* Task to carry out *
Please, from the entries below, transcribe exactly the lines that begin at the line with "Stevens, Sufjan -- Greetings" and end at the line with "Farahan - old", without the pictures.

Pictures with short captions
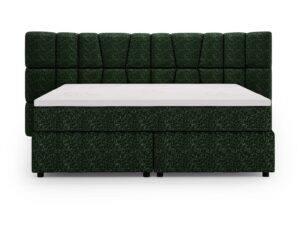 miniaturka Łóżko PRINCE Kontynentalne z Przesuwnym Zagłówkiem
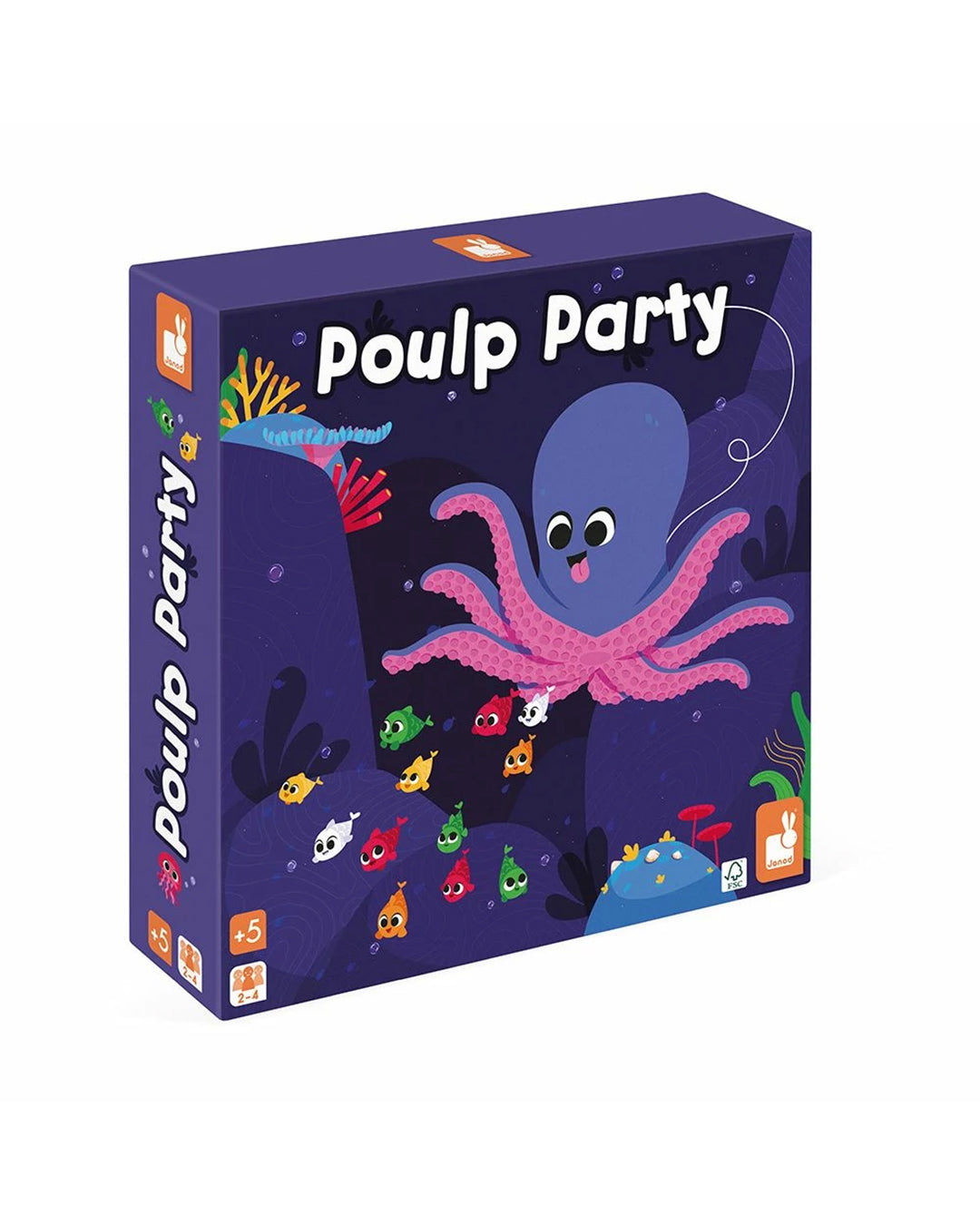 Janod - Poulp Party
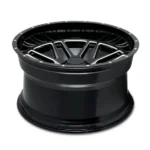 20 22inch Force Offroad Rims Black Milled SUV 4X4 Wheel Rim Alloy Wheel - Image 3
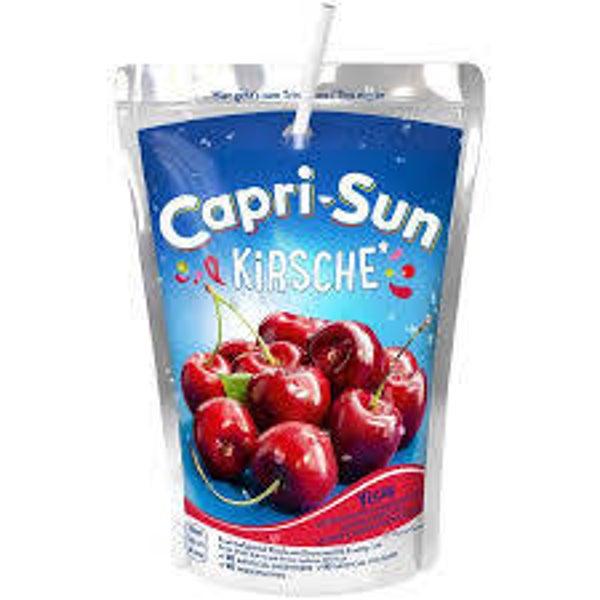Capri-Sun Kersen 200ml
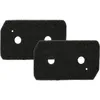 Image de 2x Filtres en mousse compatible avec Bosch SelfCleaning Condenser WTH85200GB/02, WTH85200GB/03 sèche-linge - Set de filtres de rechange - Vhbw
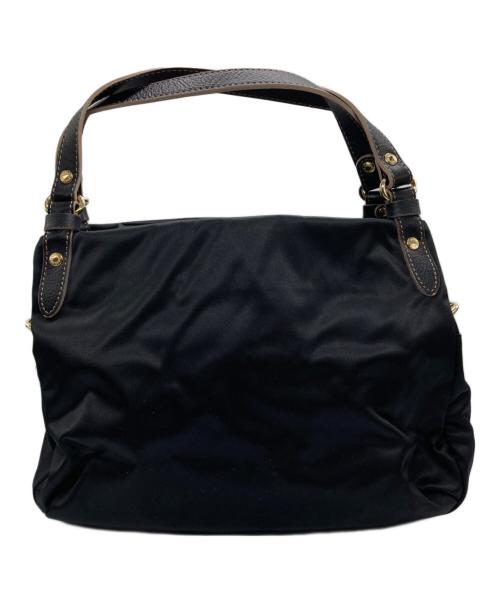 russet（ラシット）russet (ラシット) 2WAYバッグ ブラックの古着・服飾アイテム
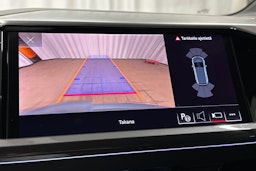 sininen Audi Q4 e-tron 2022 kuva 29.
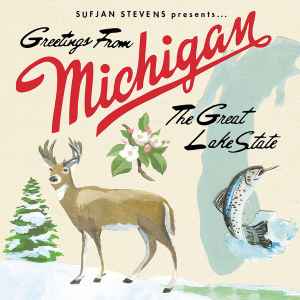 Stevens, Sufjan -- Greetings From Michigan The Great Lake State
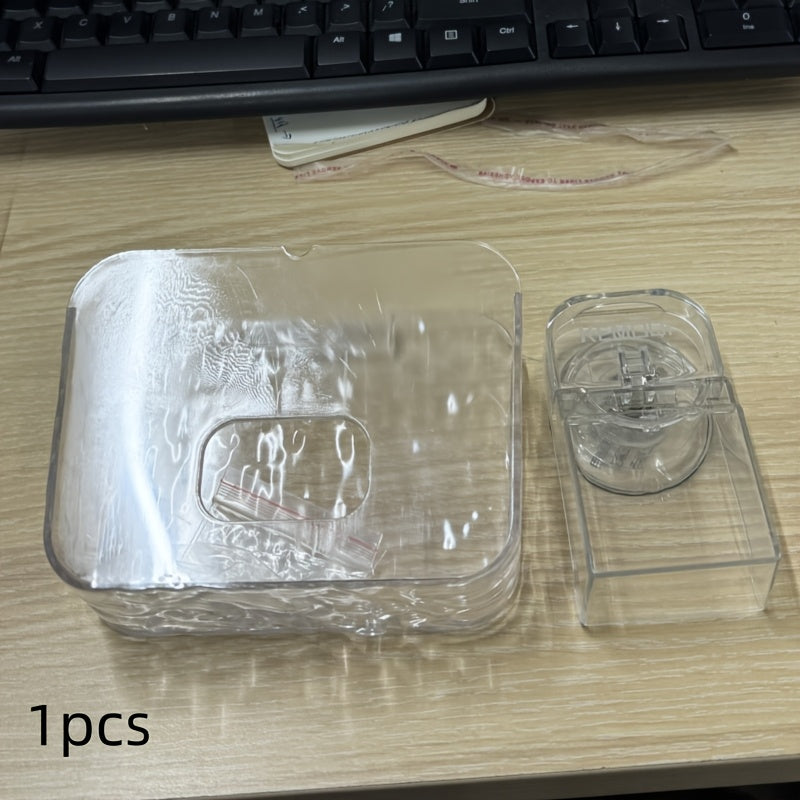 Пластиковый держатель для муравьиной спирали, подставка для благовоний с пепельницей, прозрачный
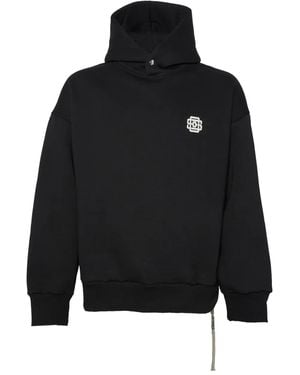 State of Order Felpa hooded graphic sweater - Negro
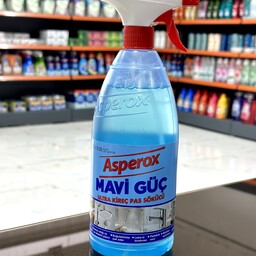 اسپری پاک کننده ASPEROX اسپیروکس تمیز کننده شیر آلات و سرامیک 1 لیتری

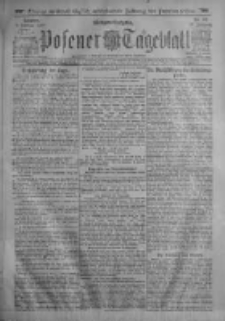 Posener Tageblatt 1919.02.09 Jg.58 Nr62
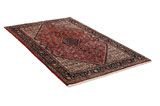 Farahan - old Persian Carpet 214x130 - Picture 1
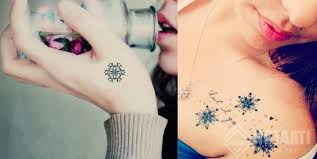 Mẫu tattoo mini cực chất dành cho các cô gái cá tính. Y NghÄ©a Hinh XÄƒm Bong Tuyáº¿t Tinh Táº¿ Va Ä'áº§y Quyáº¿n RÅ©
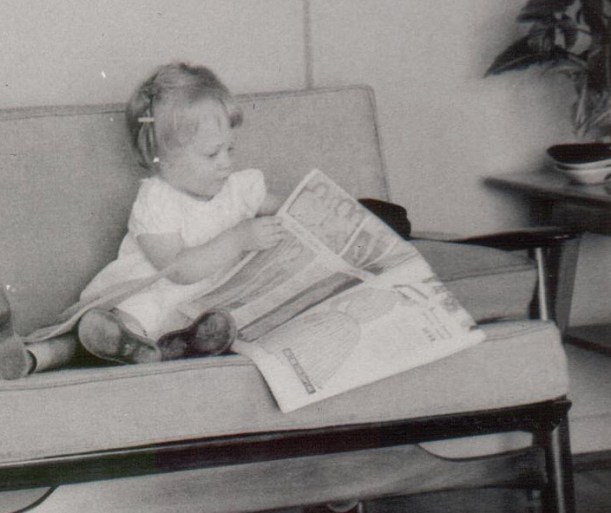 Wonder what's in the news today?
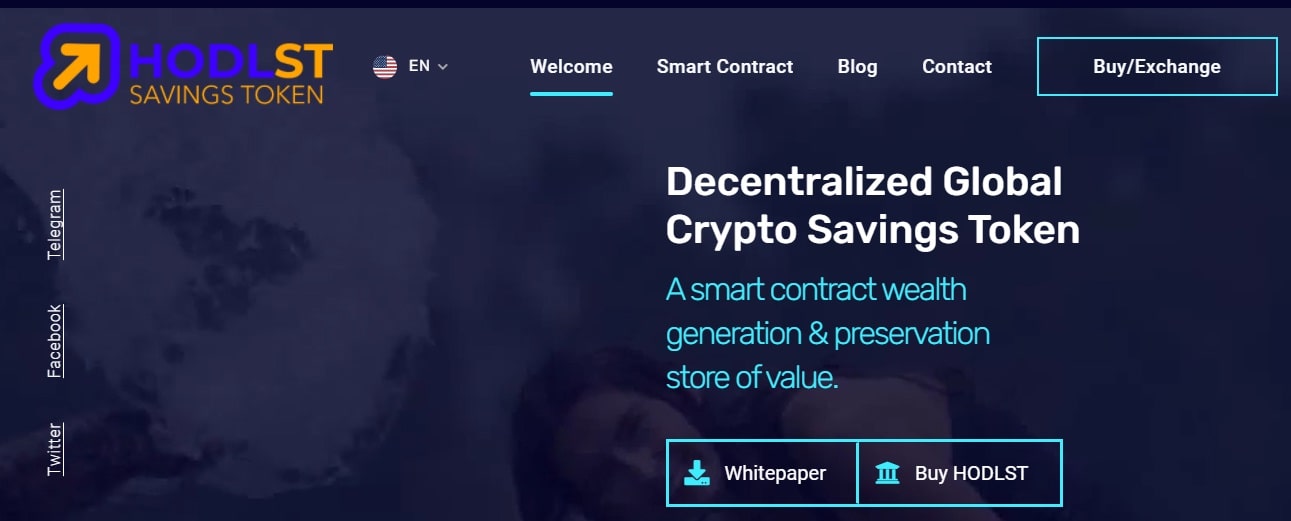 Hodlst Savings Token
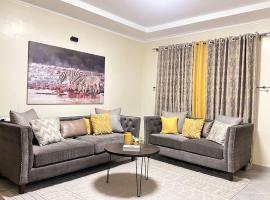 키탈레에 위치한 아파트 Exquisite two bedroom Penthouse-Fully Furnished at 360 Luxury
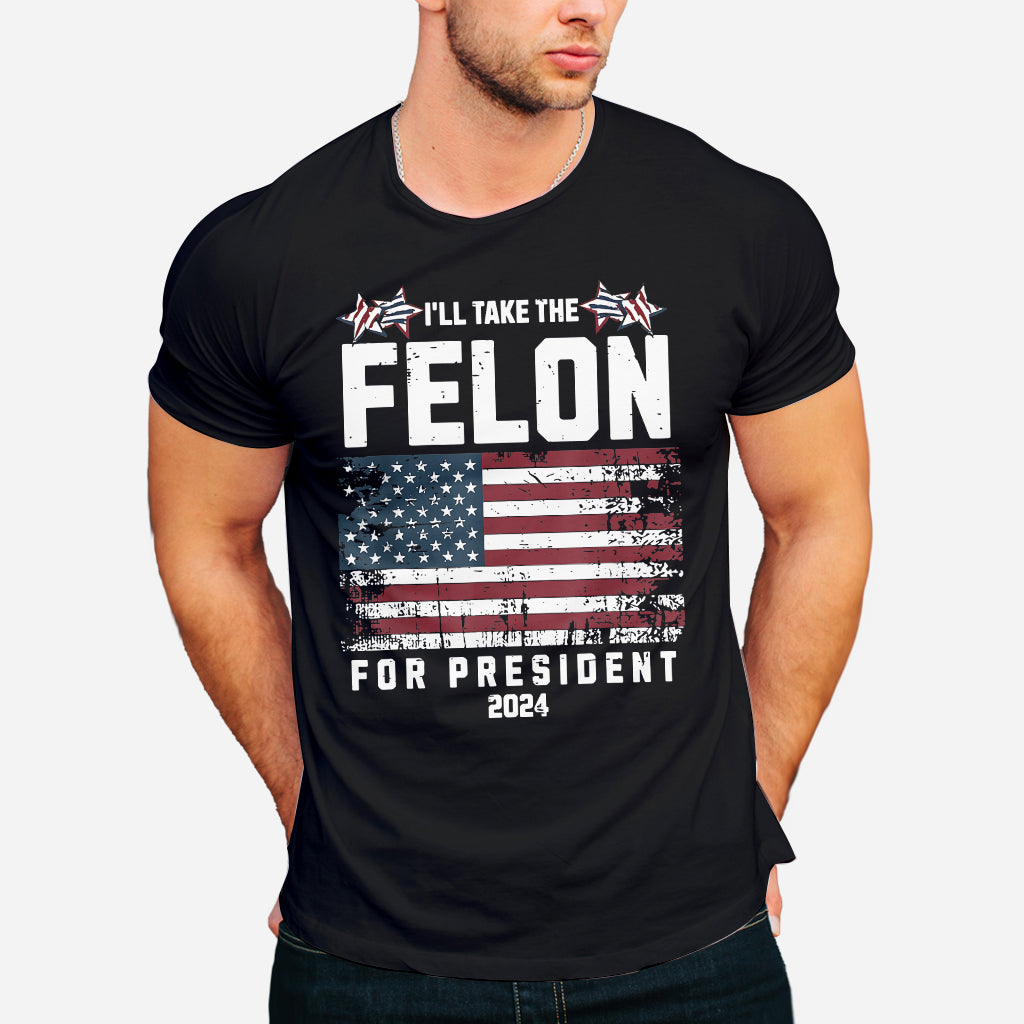 T-shirt « Criminel président 2024 », T-shirt conservateur, T-shirt anti-gouvernemental, T-shirt patriotique, T-shirt républicain, T-shirt anti-démocrate, T-shirt drapeau américain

* Result of this task *
 Stevens, Sufjan -- Greetings From Michigan The Great Lake State
 Пластиковый держатель для муравьиной спирали, подставка для благовоний с пепельницей, прозрачный
 State of Order Felpa hooded graphic sweater - Negro
 اسپری پاک کننده ASPEROX اسپیروکس تمیز کننده شیر آلات و سرامیک 1 لیتری

 Posener Tageblatt 1919.02.09 Jg.58 Nr62
 Farahan - old Persian Carpet 214x130 - Picture 1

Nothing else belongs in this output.